Le défilé des témoins se poursuit lundi au premier procès jamais organisé en France sur le génocide au Rwanda, avec notamment des familles tutsi sauvées par l’accusé, mais qui l’ont également vu stocker des armes chez lui.
Pascal Simbikangwa, qui comparaît devant la cour d’assises de Paris pour « complicité de génocide », a plusieurs fois fait bondir accusation et parties civiles en se comparant aux « Justes » qui ont sauvé des juifs de la Shoah. Mais il est admis par tous qu’au moins deux familles de voisins tutsi ont trouvé refuge chez lui au début des massacres en avril 1994. « J’ai fait mon devoir d’homme », explique Pascal Simbikangwa.

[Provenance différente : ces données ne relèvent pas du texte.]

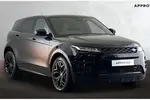 2022 Land Rover Range Rover Evoque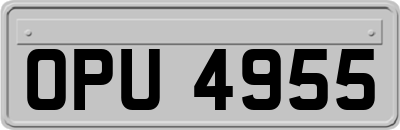 OPU4955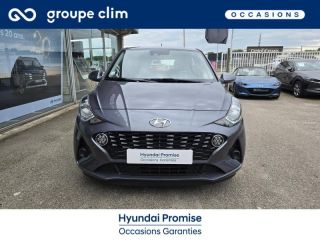 87280 : Hyundai Limoges - Motors Cars - HYUNDAI i10 - i10 - Star Dust - Traction - Essence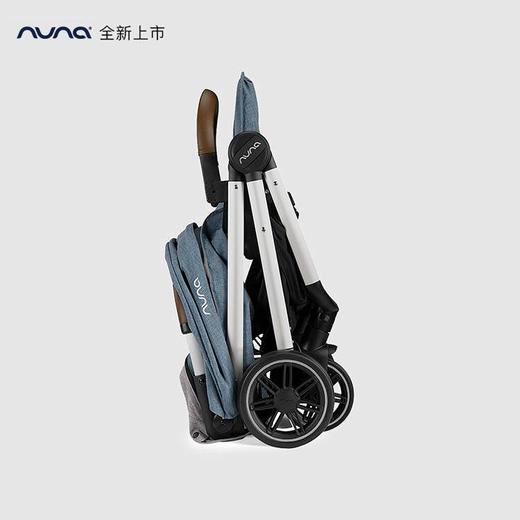 Nuna TRVL 轻便三折车-BMW联名款&基础款 商品图8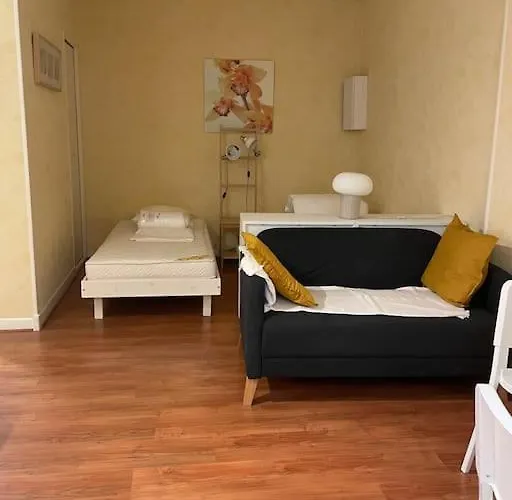 N•2 Avec Patio En Plein Cœur De La Appartement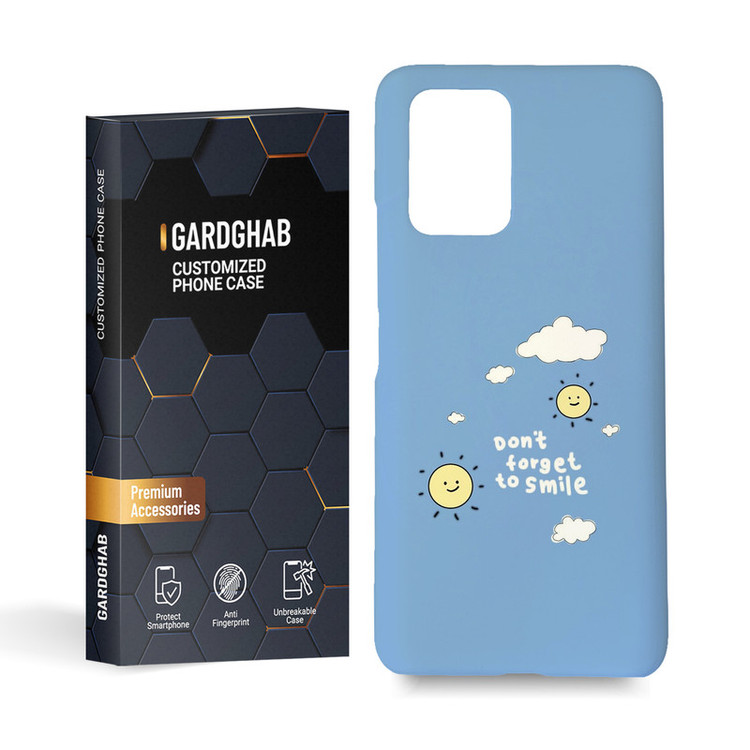 کاور گارد قاب مدل دخترانه مناسب برای گوشی موبایل شیائومی Poco X3 GT / Redmi Note 10 5G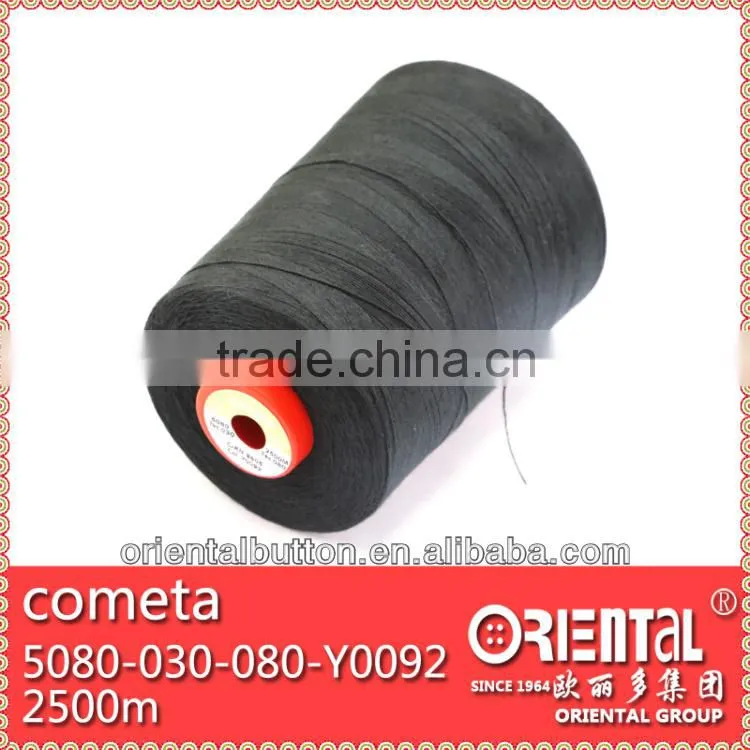 COATS brand high tenacity 100% spun polyester sewing thread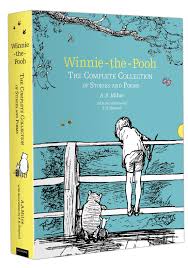 Please enter a suggested description. Winnie The Pooh The Complete Collection Of Stories And Poems Winnie The Pooh Classic Editions Milne A A 9781405284578 Amazon Com Books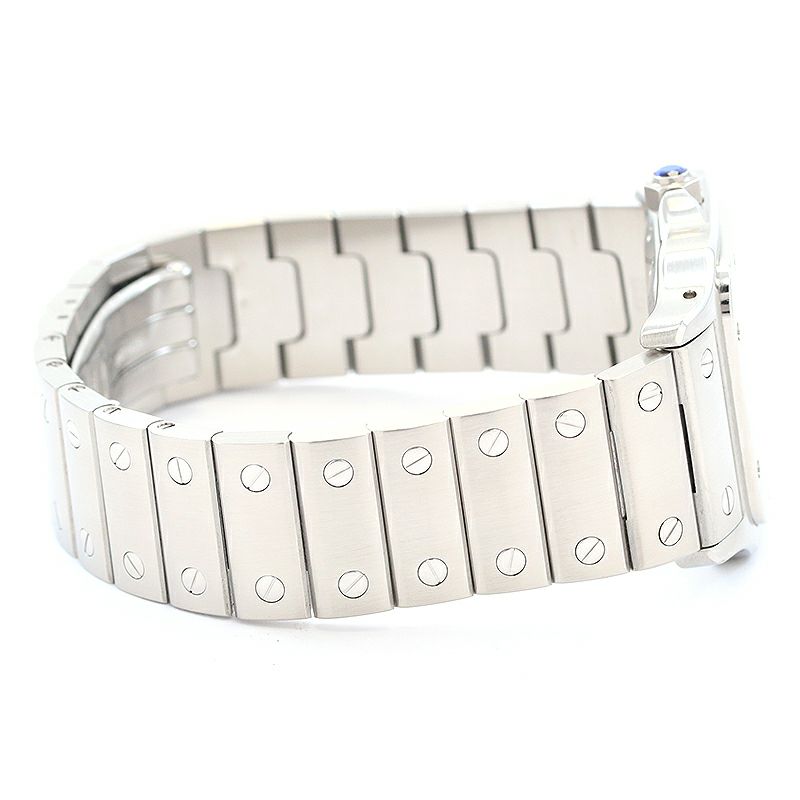 中古】CARTIER SANTOS GALBEE LARGE MODEL ASIA LIMITED EDITION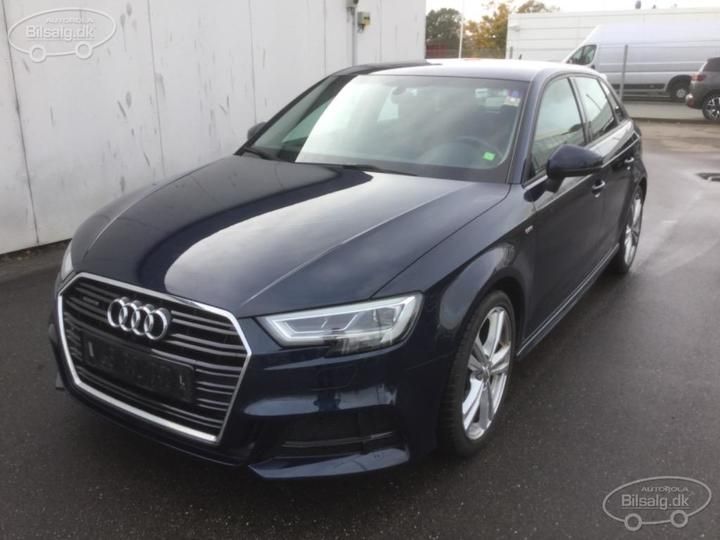 Audi A3 sportback (2020)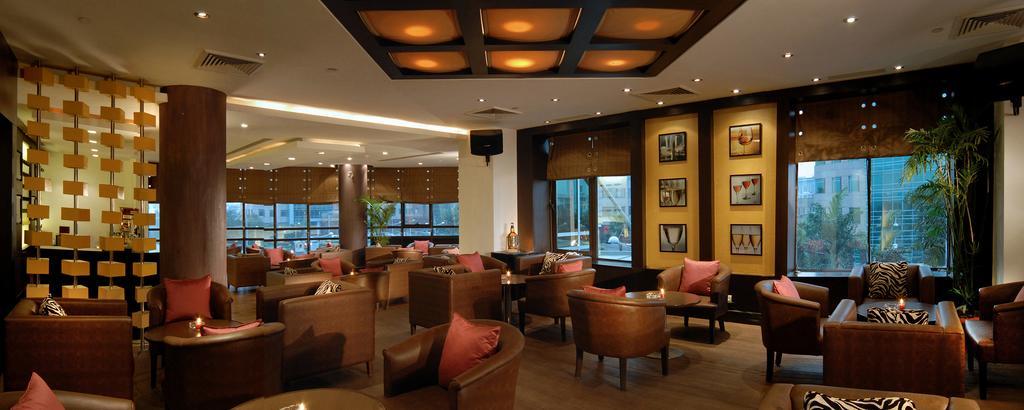 Fortune Select Global, Gurugram - Member Itc'S Hotel Group Gurgaon Interiør bilde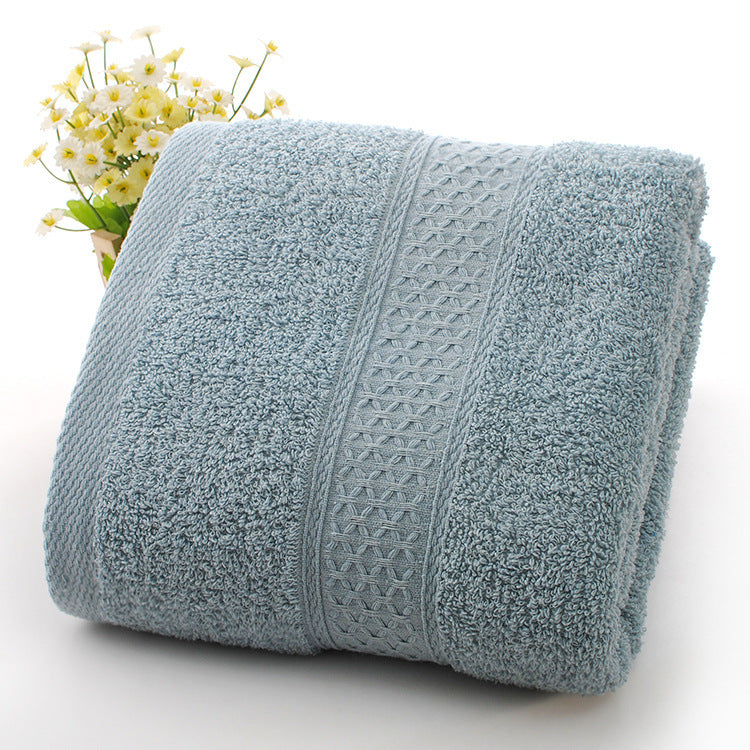 Thickened bath towel beach towel    Home Decor Supply | Online Retail | ShoreShopper.com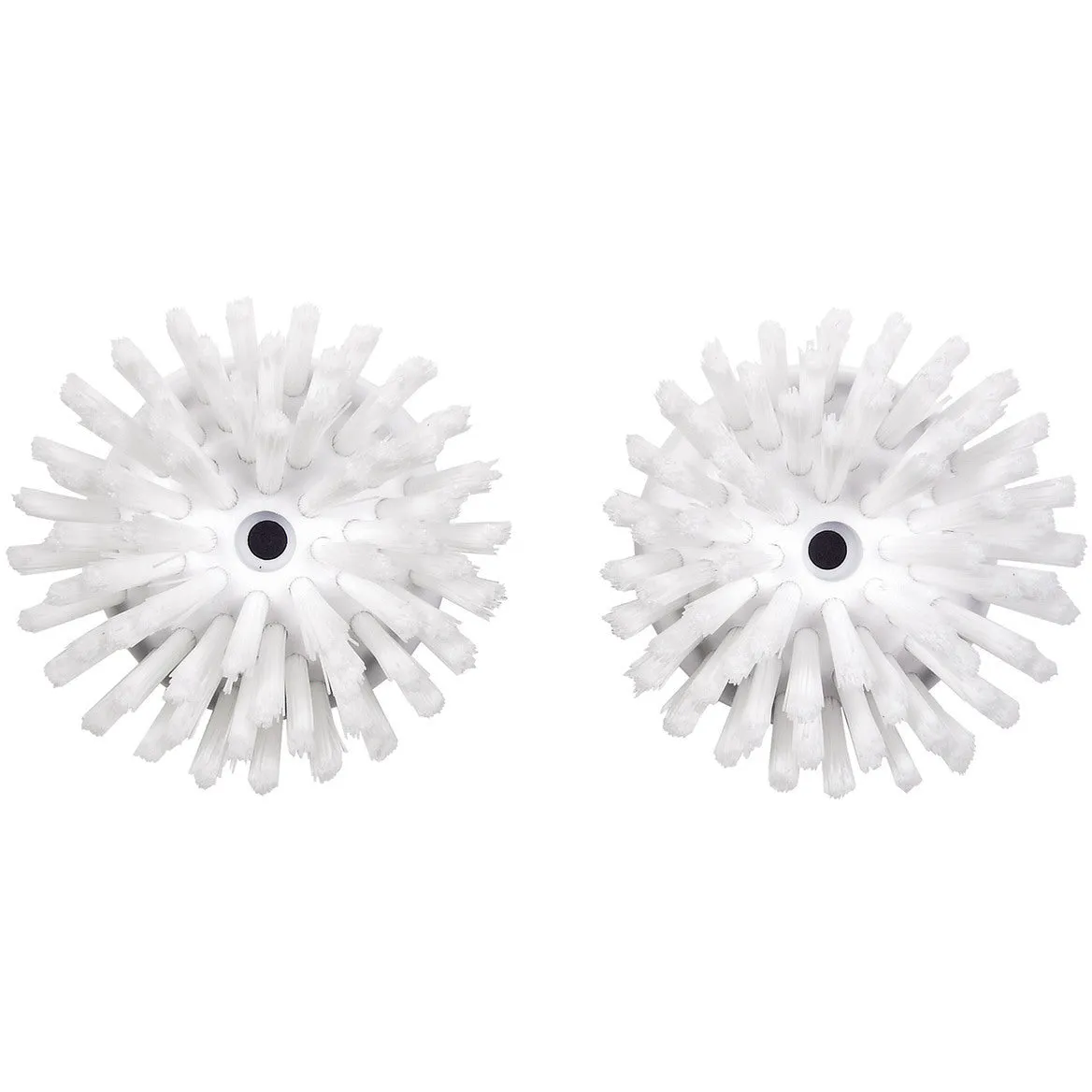 Soap Dispensing Palm Brush Refills - 2 Pack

Plusieurs de ces survivants, que l’accusé a pour certains évacués peu à peu de Kigali, viendront donc déposer à la barre. Et ces témoignages devraient être à la fois à décharge et à charge, puisque plusieurs d’entre eux ont indiqué lors de l’enquête avoir vu Pascal Simbikangwa stocker des armes chez lui et en distribuer.
Depuis les quatre semaines qu’a commencé son procès, le témoignage le plus encombrant pour l’ancien capitaine de la garde présidentielle a d’ailleurs été celui d’un gardien de maison tutsi de son quartier, qu’il avait pris sous son aile et sauvé de la mort à plusieurs reprises. Car tout en exprimant sa reconnaissance à l’accusé, sa déposition mettait à mal le portrait que ce dernier fait de lui-même en petit fonctionnaire sans pouvoir et ignorant tout du génocide en cours, qui fit 800.000 morts en cent jours.
La cour entendra également un ancien responsable local des milices « interahamwe », féroces soutiens du régime. Un autre, réfugié au Canada et bénéficiant d’un régime de protection des témoins, a finalement renoncé à témoigner, arguant de « craintes pour sa sécurité et celle de sa famille ».
– Enjeu central -
En l’absence de victimes directes, et alors que le jury est appelé à se prononcer sur des faits survenus il y a 20 ans et à des milliers de kilomètres, l’enjeu des témoignages est central. S’il est évident qu’après deux décennies les souvenirs peuvent être imprécis, la défense ne manque pas une occasion de pointer les incohérences.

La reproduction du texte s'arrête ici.